[Supplied information Boundary: Start]
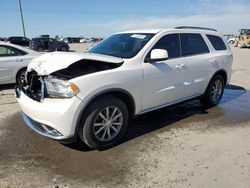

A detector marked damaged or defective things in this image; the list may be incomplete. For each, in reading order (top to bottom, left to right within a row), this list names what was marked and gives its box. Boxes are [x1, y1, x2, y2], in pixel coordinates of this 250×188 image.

crumpled hood [27, 51, 124, 75]
broken headlight [44, 76, 79, 98]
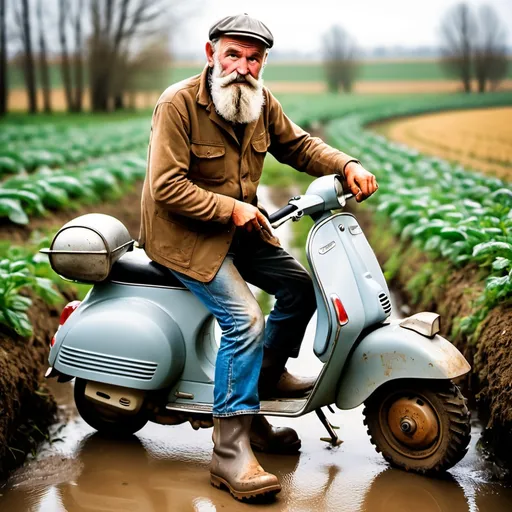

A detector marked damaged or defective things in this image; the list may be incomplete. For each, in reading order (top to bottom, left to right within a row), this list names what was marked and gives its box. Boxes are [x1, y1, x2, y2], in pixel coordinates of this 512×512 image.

rusty wheel hub [388, 396, 440, 448]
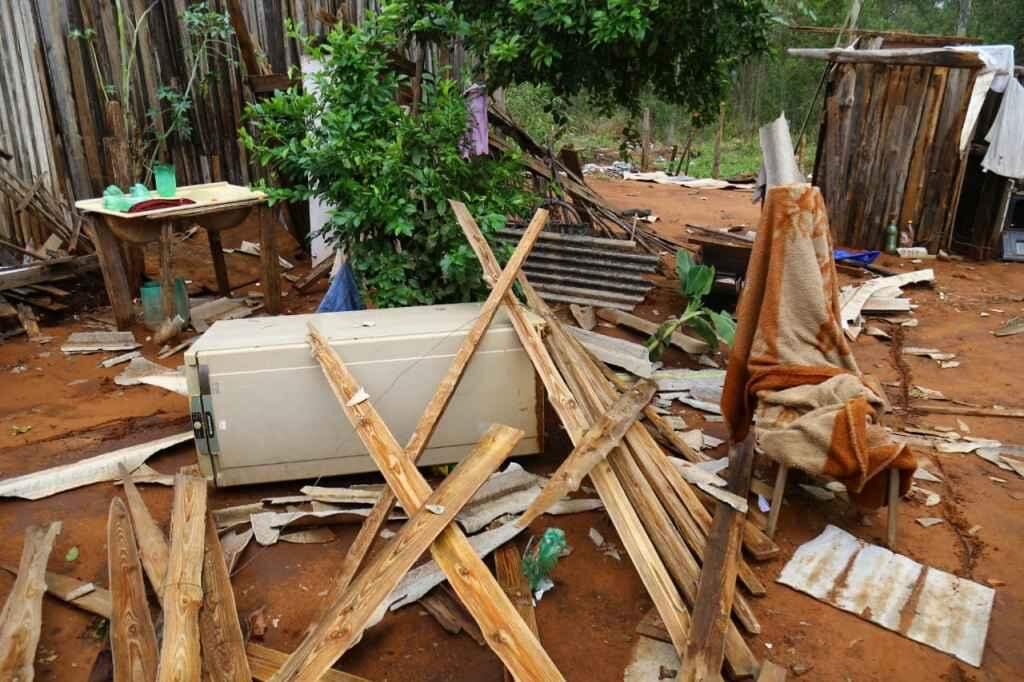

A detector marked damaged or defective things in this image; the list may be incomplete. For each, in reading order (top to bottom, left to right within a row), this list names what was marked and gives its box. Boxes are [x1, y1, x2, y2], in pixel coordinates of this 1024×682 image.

broken wooden plank [0, 520, 60, 676]
broken wooden plank [0, 564, 110, 616]
broken wooden plank [0, 430, 190, 500]
broken wooden plank [107, 494, 159, 680]
broken wooden plank [120, 462, 170, 600]
broken wooden plank [156, 472, 208, 680]
broken wooden plank [198, 510, 252, 680]
broken wooden plank [247, 644, 368, 680]
broken wooden plank [268, 420, 528, 680]
broken wooden plank [320, 207, 548, 604]
broken wooden plank [494, 540, 540, 680]
broken wooden plank [456, 199, 696, 656]
broken wooden plank [572, 306, 596, 332]
broken wooden plank [520, 378, 656, 524]
broken wooden plank [564, 326, 660, 378]
broken wooden plank [596, 306, 708, 354]
broken wooden plank [684, 436, 756, 680]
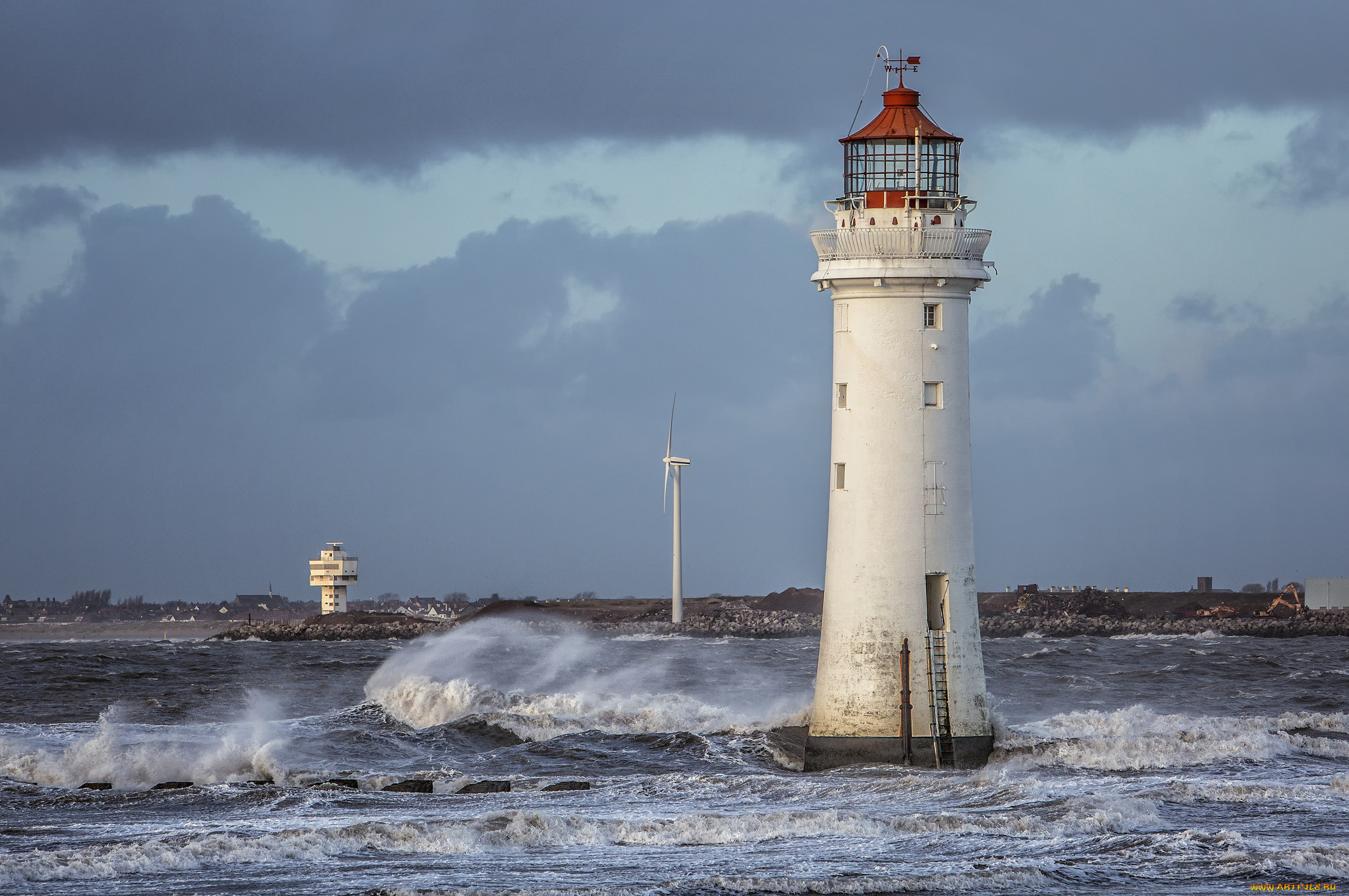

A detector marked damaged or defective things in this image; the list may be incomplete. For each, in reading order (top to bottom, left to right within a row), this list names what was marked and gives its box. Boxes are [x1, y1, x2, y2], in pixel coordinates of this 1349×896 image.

rusted metal post [901, 636, 912, 760]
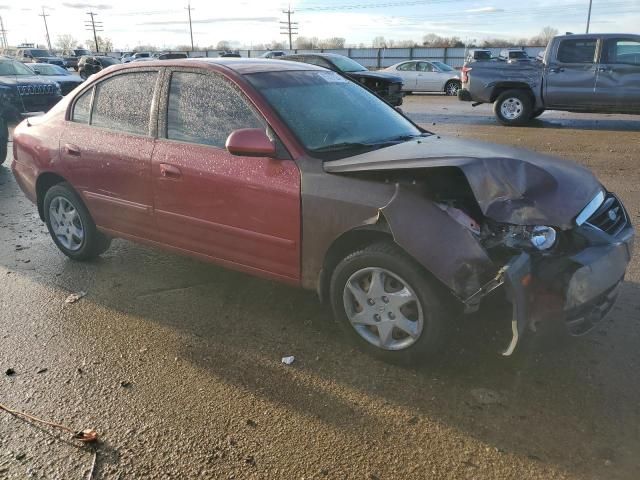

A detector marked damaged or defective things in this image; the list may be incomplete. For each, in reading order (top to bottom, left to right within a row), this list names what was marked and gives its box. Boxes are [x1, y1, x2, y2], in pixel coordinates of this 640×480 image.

damaged red car [12, 59, 632, 360]
crushed hood [324, 135, 600, 229]
broken headlight [502, 225, 556, 251]
crumpled front bumper [498, 223, 632, 354]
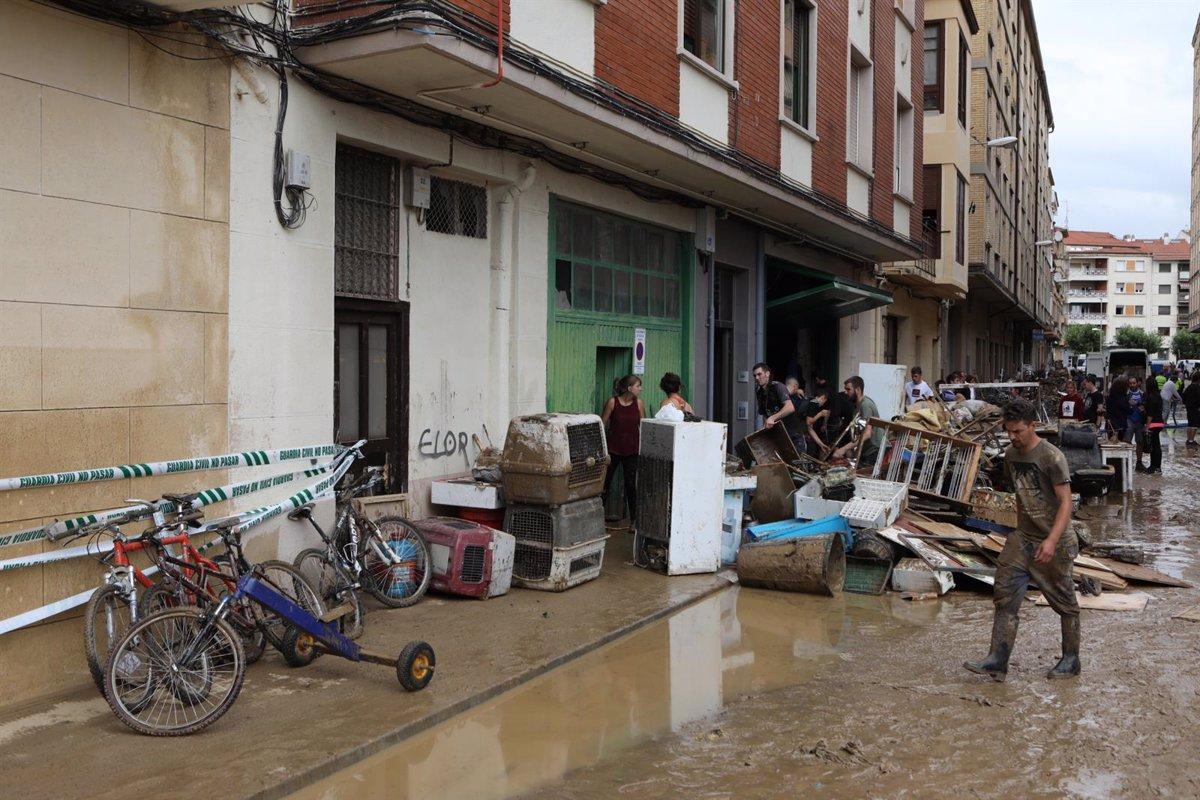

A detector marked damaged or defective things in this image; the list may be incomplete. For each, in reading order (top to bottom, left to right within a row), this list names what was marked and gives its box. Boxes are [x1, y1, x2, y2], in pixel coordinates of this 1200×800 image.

damaged household item [410, 516, 512, 596]
damaged household item [500, 416, 608, 504]
damaged household item [504, 496, 604, 552]
damaged household item [512, 536, 616, 592]
damaged household item [636, 418, 732, 576]
damaged household item [716, 472, 756, 564]
damaged household item [736, 532, 848, 592]
damaged household item [752, 520, 852, 552]
damaged household item [844, 560, 892, 596]
damaged household item [892, 560, 956, 596]
damaged household item [1056, 422, 1112, 496]
broken furniture [1056, 422, 1112, 496]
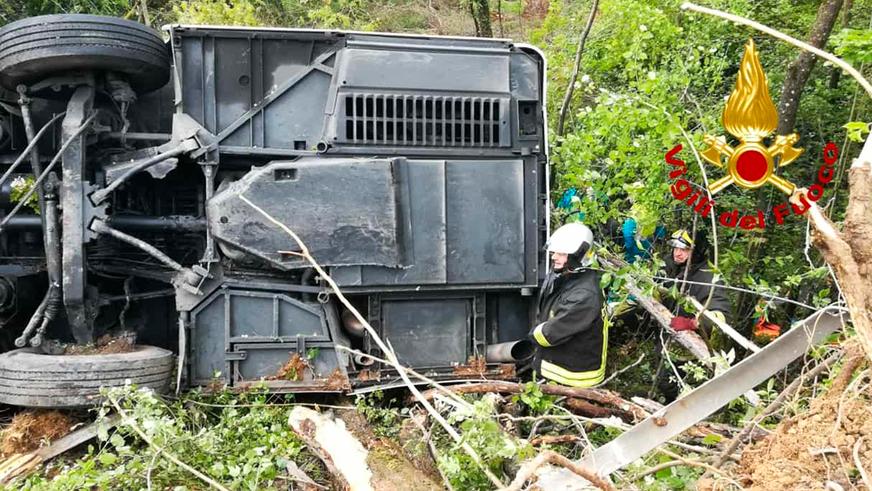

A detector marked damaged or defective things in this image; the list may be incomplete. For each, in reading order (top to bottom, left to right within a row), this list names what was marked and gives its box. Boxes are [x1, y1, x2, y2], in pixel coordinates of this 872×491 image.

damaged bus chassis [0, 14, 548, 408]
overturned bus [0, 15, 548, 408]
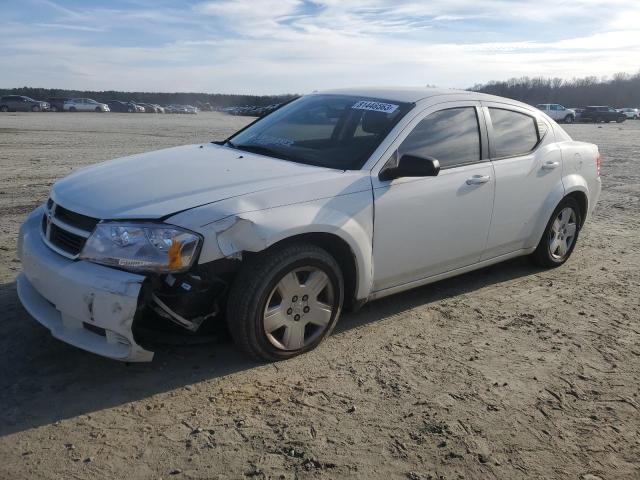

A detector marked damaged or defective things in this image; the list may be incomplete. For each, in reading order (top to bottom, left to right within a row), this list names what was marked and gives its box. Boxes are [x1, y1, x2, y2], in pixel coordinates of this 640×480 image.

damaged front bumper [16, 208, 155, 362]
broken headlight [79, 222, 200, 274]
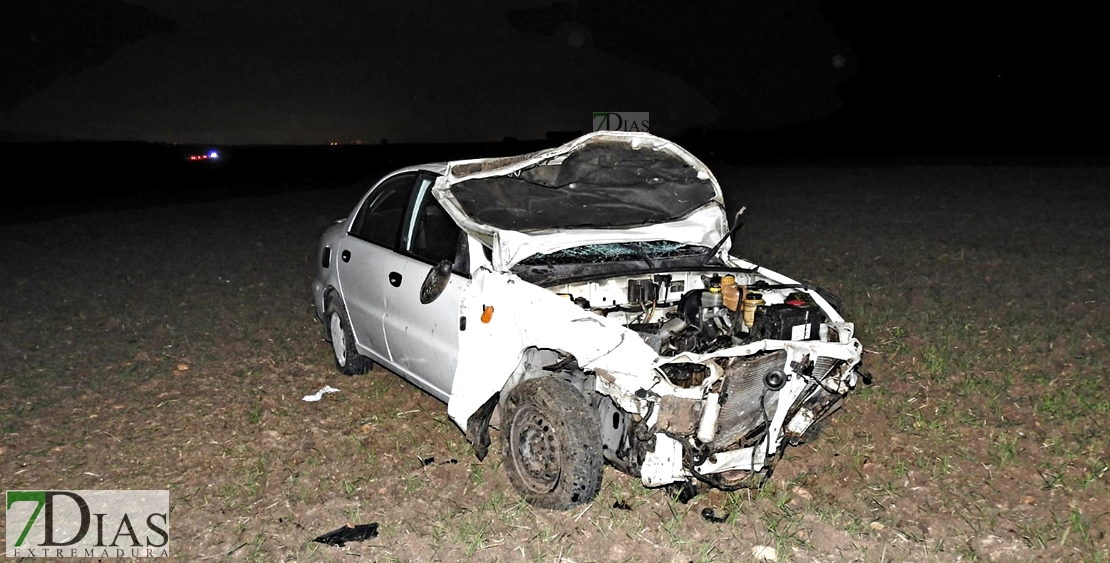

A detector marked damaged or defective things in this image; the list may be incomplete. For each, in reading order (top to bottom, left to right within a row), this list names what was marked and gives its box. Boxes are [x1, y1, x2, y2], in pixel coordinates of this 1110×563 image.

crumpled car hood [432, 131, 728, 270]
shattered windshield [448, 141, 716, 231]
shattered windshield [520, 242, 712, 266]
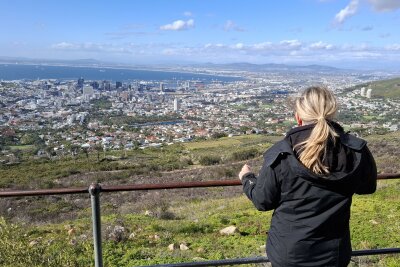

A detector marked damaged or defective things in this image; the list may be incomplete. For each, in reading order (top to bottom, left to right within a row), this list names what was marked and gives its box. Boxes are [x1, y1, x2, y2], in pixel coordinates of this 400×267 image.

rusty metal rail [0, 173, 398, 266]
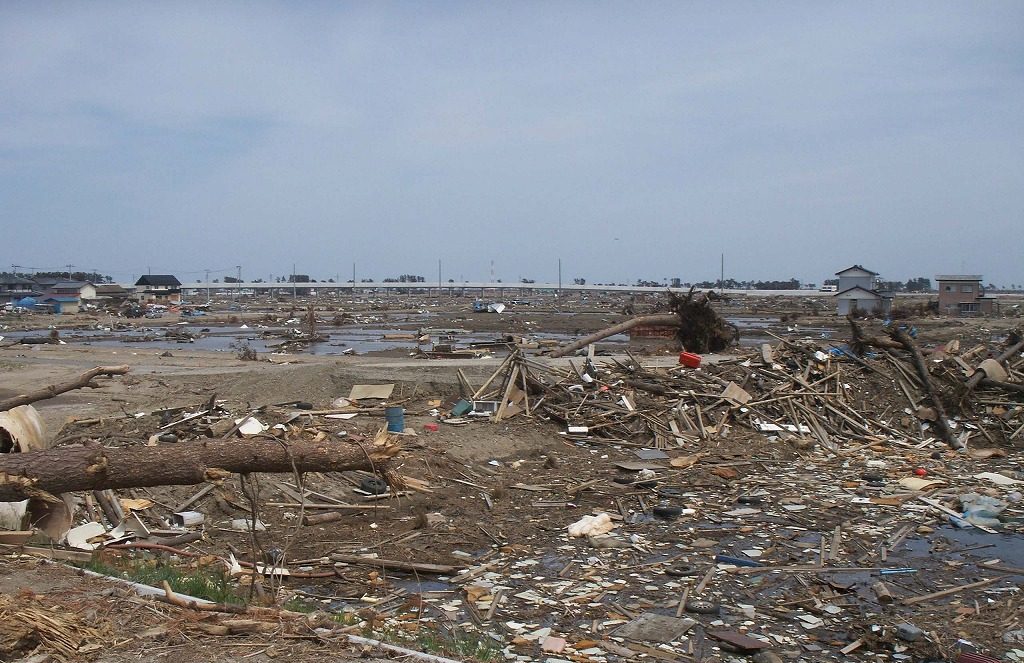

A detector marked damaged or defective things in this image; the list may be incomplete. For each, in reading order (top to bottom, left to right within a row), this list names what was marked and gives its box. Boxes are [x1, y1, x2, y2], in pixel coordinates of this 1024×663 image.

broken lumber [0, 364, 132, 411]
broken lumber [0, 438, 399, 500]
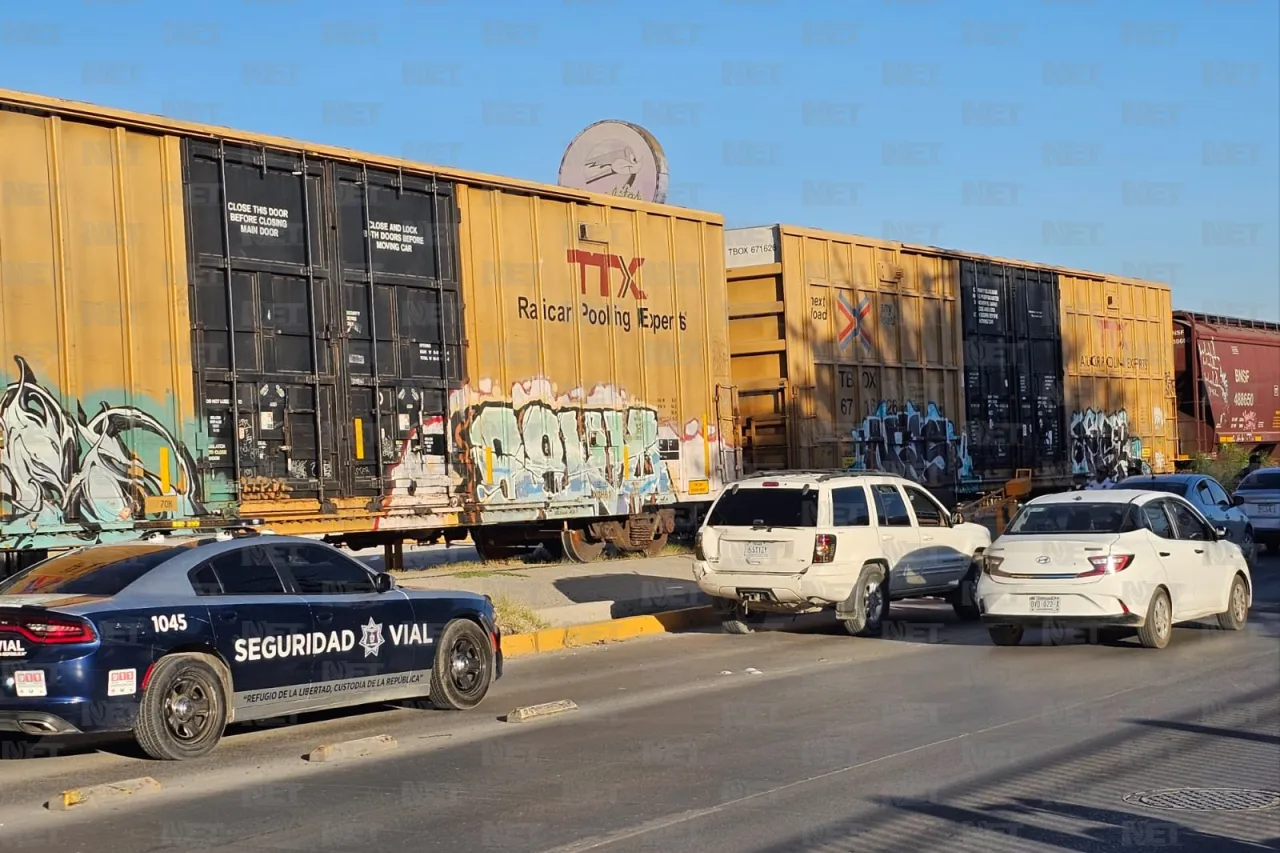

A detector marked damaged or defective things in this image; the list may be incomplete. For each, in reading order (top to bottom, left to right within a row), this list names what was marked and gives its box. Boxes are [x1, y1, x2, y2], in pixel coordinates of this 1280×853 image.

rusty boxcar [0, 89, 737, 571]
rusty boxcar [727, 222, 1172, 502]
rusty boxcar [1172, 311, 1280, 458]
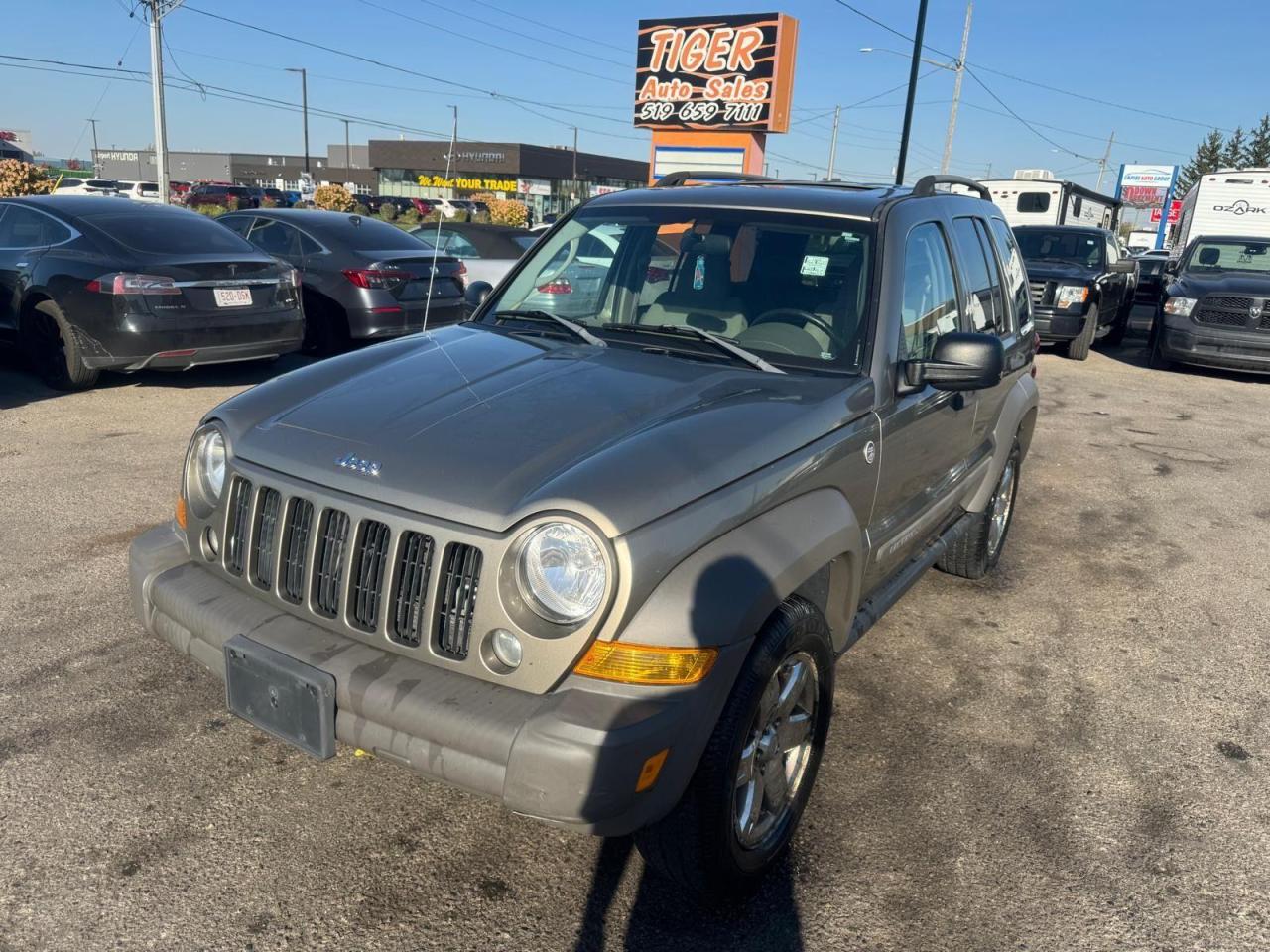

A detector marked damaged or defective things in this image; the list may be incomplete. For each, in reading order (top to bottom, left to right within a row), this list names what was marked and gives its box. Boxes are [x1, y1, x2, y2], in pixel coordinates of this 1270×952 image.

missing front license plate [213, 286, 253, 309]
missing front license plate [223, 631, 335, 758]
[Supplied information Boundary: End]
**What you will do**
Set down, exactly and in full, the lines from the one containing "this 1270×952 image." through the end of the entries; no other line belongs.

**Solution for this problem**
A detector marked damaged or defective things in this image; the list may be incomplete. For each, in reading order (top to bottom, left to right within a row), this list names what was marked and gives its box. Boxes are [x1, y1, x2, y2], in pixel coordinates of this 1270×952 image.

missing front license plate [213, 286, 253, 309]
missing front license plate [223, 631, 335, 758]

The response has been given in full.